> On Jun 11, 2019, at 2:20 PM, Thomas Hellström (VMware) 
> <thellst...@vmwopensource.org> wrote:
> 
> On 6/11/19 9:10 PM, Nadav Amit wrote:
>>> On Jun 11, 2019, at 11:26 AM, Thomas Hellström (VMware) 
>>> <thellst...@vmwopensource.org> wrote:
>>> 
>>> Hi, Nadav,
>>> 
>>> On 6/11/19 7:21 PM, Nadav Amit wrote:
>>>>> On Jun 11, 2019, at 5:24 AM, Thomas Hellström (VMware) 

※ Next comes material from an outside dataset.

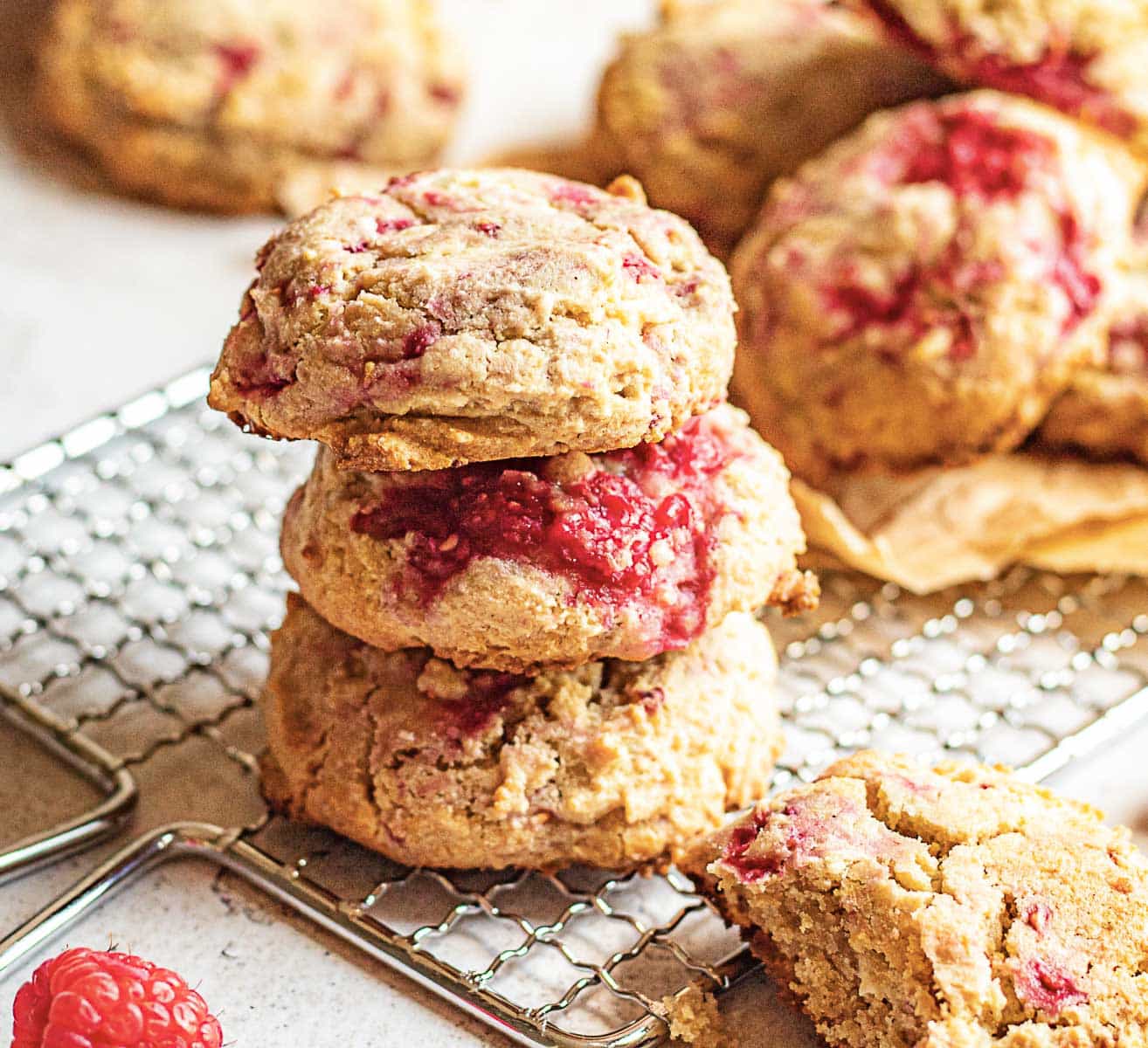 Three raspberry scones are stacked on a cooling rack, with more scones and a single raspberry nearby.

>>>>> <thellst...@vmwopensource.org> wrote:
>>>>> 
>>>>> From: Thomas Hellstrom <thellst...@vmware.com>
>>>> [ snip ]
>>>> 
>>>>> +/**
>>>>> + * apply_pt_wrprotect - Leaf pte callback to write-protect a pte
>>>>> + * @pte: Pointer to the pte
>>>>> + * @token: Page table token, see apply_to_pfn_range()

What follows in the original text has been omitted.